ABUJA, Nigeria -- Shortly after midnight on June 8, Officer Danjuma Ibrahim fired an automatic rifle into a carload of six young people at a police checkpoint in this capital city, according to public testimony. The driver, Ifeanyi Ozor, 25, died instantly. His fiancee, Augustina Arebun, 22, bloodied but alive, let out a wail of anguish.
Over the next few hours, officers involved later testified, police drove Arebun and the other passengers to a remote location and executed them all. They planted guns and knives in the bullet-riddled car, posed the bodies around it for official pictures and announced that six dangerous armed robbers had been "killed in combat" with police.

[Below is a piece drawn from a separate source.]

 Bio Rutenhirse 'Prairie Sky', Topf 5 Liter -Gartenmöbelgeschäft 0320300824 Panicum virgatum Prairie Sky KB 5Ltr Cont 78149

In the past, according to Nigerian and international human rights groups, such crimes never would have been investigated or exposed. Each year, the groups report, hundreds of people die unlawfully at the hands of police officers, with no official acknowledgment or action.
But this time, because of a brief, desperate cell-phone call made by one victim shortly before he was killed, the truth began to emerge and public pressure mounted, ultimately cracking what human rights activists said had long been an impenetrable wall of official impunity.
The government convened an unprecedented commission of inquiry, where the police version of events completely unraveled. This month, Ibrahim, 44, and four other police officers are scheduled to go on trial on charges of culpable homicide.